TASK DESCRIPTION: Only the lines of the data below from the one with "Peach Orange Solid" through the one with "Load image into" are wanted. Repeat them exactly.

(Recorded data)
▼▼▼
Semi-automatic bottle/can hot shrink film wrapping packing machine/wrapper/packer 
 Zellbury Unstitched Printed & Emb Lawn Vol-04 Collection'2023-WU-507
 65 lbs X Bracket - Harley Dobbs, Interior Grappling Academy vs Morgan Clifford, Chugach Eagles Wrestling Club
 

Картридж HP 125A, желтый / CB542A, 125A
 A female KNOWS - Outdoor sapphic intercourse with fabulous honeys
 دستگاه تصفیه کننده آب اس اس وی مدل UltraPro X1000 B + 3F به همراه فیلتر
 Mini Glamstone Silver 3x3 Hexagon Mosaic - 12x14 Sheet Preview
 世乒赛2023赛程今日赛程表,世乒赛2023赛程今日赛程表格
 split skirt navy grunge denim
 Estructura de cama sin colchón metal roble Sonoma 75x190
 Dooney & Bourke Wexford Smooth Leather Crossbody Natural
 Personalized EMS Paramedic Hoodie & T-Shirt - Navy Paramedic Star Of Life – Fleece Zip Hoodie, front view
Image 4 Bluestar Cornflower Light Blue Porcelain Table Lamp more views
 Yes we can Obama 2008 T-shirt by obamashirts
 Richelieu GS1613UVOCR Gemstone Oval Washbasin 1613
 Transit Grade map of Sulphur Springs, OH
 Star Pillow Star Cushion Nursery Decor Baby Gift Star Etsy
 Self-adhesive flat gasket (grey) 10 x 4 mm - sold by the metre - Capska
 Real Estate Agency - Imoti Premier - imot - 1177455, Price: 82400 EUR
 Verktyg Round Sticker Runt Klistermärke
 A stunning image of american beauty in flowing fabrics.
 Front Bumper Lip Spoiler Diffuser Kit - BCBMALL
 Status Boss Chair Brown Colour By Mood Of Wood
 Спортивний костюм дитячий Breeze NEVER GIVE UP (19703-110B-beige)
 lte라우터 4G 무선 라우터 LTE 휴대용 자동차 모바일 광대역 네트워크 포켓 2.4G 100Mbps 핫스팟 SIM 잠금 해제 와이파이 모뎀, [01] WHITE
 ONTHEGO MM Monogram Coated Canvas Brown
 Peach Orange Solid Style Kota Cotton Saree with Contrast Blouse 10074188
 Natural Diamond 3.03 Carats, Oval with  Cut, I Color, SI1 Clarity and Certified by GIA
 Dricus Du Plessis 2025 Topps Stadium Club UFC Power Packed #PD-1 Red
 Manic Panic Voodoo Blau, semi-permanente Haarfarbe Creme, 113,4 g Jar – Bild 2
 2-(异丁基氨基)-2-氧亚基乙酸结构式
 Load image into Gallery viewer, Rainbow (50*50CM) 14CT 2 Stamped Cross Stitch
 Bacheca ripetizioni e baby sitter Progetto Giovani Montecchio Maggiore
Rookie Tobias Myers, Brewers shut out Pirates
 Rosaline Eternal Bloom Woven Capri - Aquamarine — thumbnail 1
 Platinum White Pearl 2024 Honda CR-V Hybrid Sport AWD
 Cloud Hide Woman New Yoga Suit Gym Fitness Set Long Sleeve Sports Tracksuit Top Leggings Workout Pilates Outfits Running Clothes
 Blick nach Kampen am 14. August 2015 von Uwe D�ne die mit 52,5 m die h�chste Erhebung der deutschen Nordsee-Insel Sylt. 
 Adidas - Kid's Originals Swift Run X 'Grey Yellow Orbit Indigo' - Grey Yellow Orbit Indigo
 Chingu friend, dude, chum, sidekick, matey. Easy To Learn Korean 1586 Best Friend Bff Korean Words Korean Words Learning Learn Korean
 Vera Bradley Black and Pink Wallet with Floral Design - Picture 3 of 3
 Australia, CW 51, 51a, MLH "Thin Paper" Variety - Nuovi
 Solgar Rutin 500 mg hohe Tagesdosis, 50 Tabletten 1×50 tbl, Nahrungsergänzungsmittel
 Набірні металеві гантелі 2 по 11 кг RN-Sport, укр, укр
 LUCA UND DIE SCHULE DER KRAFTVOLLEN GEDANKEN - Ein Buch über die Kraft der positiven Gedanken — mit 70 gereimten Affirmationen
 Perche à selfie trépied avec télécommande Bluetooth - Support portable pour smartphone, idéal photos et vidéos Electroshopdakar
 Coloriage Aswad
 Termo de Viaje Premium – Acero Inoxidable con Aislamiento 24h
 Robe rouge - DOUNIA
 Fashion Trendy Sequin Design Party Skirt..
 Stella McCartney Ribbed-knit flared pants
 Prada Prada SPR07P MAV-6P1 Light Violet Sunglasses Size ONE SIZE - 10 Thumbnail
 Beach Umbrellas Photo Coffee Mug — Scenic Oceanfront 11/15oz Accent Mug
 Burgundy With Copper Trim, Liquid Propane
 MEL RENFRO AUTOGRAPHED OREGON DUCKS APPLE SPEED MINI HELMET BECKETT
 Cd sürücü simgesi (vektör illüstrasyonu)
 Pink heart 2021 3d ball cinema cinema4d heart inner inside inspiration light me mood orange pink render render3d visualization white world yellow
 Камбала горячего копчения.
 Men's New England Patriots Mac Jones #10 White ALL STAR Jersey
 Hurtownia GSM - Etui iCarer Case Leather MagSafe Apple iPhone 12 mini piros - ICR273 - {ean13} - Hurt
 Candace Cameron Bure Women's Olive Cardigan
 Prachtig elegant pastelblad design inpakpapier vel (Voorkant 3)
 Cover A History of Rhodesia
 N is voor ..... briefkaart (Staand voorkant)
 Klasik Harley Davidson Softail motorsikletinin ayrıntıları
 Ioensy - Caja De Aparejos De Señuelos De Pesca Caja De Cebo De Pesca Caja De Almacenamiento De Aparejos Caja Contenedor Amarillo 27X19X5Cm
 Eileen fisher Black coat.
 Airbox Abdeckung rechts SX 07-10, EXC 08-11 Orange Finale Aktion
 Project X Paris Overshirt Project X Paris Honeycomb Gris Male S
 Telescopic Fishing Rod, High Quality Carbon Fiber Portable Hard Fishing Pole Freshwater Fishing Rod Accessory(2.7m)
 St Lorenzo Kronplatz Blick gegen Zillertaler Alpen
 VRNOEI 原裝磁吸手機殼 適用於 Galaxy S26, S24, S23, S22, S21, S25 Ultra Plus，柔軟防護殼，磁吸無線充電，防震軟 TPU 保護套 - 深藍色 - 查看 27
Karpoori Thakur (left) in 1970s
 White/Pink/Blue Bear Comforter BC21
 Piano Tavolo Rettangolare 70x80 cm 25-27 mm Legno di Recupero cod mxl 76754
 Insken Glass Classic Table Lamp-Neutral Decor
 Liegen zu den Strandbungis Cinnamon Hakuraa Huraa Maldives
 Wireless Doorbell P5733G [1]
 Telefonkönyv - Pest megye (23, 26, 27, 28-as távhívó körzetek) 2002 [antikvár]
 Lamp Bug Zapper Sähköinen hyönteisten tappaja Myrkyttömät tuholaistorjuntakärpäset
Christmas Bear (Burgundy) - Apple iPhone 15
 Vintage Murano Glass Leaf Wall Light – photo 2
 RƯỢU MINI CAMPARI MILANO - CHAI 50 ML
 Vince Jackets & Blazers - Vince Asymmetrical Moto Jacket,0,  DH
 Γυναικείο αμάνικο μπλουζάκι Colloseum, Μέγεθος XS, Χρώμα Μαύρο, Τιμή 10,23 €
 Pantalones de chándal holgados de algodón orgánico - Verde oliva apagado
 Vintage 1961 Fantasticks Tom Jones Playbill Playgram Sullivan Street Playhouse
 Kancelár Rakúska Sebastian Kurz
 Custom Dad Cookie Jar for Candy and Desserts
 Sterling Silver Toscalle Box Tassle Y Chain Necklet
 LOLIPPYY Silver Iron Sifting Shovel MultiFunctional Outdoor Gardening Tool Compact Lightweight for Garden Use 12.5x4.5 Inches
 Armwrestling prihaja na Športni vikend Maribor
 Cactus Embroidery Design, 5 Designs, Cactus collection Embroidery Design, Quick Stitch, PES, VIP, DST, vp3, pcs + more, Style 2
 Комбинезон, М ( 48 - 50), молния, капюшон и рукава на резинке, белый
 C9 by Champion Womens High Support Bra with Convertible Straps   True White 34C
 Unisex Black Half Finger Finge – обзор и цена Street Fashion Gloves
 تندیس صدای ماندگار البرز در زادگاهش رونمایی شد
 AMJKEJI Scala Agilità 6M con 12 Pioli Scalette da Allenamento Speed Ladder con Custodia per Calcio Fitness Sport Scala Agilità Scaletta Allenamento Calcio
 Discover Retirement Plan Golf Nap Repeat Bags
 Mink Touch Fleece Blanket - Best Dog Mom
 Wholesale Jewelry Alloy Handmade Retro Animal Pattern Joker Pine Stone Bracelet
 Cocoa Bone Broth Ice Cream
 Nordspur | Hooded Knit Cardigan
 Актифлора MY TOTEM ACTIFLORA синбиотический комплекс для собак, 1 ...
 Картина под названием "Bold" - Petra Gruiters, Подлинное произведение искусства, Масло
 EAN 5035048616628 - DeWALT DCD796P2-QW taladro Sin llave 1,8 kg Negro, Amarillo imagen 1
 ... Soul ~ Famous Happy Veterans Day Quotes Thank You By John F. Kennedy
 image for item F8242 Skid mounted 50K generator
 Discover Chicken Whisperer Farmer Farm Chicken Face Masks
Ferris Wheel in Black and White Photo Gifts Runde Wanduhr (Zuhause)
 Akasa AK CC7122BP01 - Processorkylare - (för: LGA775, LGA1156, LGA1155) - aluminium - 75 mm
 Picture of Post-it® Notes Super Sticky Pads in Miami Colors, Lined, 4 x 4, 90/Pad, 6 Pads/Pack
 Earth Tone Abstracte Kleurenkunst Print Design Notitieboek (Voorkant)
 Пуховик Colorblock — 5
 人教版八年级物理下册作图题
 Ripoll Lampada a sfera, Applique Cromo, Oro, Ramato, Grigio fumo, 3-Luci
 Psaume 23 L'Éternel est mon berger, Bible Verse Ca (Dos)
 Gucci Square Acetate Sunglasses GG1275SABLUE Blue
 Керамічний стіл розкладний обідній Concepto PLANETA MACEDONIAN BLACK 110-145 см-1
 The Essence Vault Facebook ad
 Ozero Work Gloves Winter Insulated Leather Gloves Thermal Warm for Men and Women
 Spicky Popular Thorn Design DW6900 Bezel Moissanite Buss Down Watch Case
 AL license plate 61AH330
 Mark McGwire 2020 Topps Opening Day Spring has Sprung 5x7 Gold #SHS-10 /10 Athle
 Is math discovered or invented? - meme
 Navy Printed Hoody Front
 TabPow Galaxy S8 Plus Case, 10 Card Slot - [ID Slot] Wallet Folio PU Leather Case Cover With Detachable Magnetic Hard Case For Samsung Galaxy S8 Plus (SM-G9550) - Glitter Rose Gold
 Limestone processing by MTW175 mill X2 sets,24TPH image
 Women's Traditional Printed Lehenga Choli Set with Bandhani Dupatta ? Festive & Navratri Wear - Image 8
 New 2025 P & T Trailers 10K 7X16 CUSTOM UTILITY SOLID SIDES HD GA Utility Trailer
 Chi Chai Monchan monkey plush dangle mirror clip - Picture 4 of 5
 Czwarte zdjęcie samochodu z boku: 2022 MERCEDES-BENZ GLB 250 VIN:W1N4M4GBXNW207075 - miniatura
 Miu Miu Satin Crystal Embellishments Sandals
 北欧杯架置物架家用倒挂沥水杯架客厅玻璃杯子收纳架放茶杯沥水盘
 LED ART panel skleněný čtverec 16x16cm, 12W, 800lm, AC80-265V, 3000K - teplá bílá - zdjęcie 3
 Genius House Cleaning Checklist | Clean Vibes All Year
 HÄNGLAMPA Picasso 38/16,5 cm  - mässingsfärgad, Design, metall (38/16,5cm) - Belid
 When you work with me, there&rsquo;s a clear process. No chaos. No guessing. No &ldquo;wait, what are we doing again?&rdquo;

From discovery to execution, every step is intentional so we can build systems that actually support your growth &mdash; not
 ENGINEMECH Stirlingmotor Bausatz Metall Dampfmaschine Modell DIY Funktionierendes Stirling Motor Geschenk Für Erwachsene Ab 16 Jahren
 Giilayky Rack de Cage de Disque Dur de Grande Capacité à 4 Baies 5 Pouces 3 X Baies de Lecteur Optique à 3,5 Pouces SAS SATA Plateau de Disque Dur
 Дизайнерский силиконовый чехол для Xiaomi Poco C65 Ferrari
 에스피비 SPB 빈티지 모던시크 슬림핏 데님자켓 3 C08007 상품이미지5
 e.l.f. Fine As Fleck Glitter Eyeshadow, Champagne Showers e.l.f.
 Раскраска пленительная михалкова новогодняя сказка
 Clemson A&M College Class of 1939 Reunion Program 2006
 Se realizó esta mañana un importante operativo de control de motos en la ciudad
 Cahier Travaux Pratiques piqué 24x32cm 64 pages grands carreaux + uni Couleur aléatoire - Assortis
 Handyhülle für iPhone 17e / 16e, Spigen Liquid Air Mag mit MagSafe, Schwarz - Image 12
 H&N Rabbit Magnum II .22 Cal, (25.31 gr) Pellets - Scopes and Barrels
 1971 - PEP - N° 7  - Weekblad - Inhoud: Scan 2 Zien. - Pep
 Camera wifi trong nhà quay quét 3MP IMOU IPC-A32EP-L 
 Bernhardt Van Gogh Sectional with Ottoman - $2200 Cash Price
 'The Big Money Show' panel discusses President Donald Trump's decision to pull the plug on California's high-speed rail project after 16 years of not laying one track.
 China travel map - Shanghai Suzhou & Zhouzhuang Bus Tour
▲▲▲
OUTPUT OF THE TASK:
 Peach Orange Solid Style Kota Cotton Saree with Contrast Blouse 10074188
 Natural Diamond 3.03 Carats, Oval with  Cut, I Color, SI1 Clarity and Certified by GIA
 Dricus Du Plessis 2025 Topps Stadium Club UFC Power Packed #PD-1 Red
 Manic Panic Voodoo Blau, semi-permanente Haarfarbe Creme, 113,4 g Jar – Bild 2
 2-(异丁基氨基)-2-氧亚基乙酸结构式
 Load image into Gallery viewer, Rainbow (50*50CM) 14CT 2 Stamped Cross Stitch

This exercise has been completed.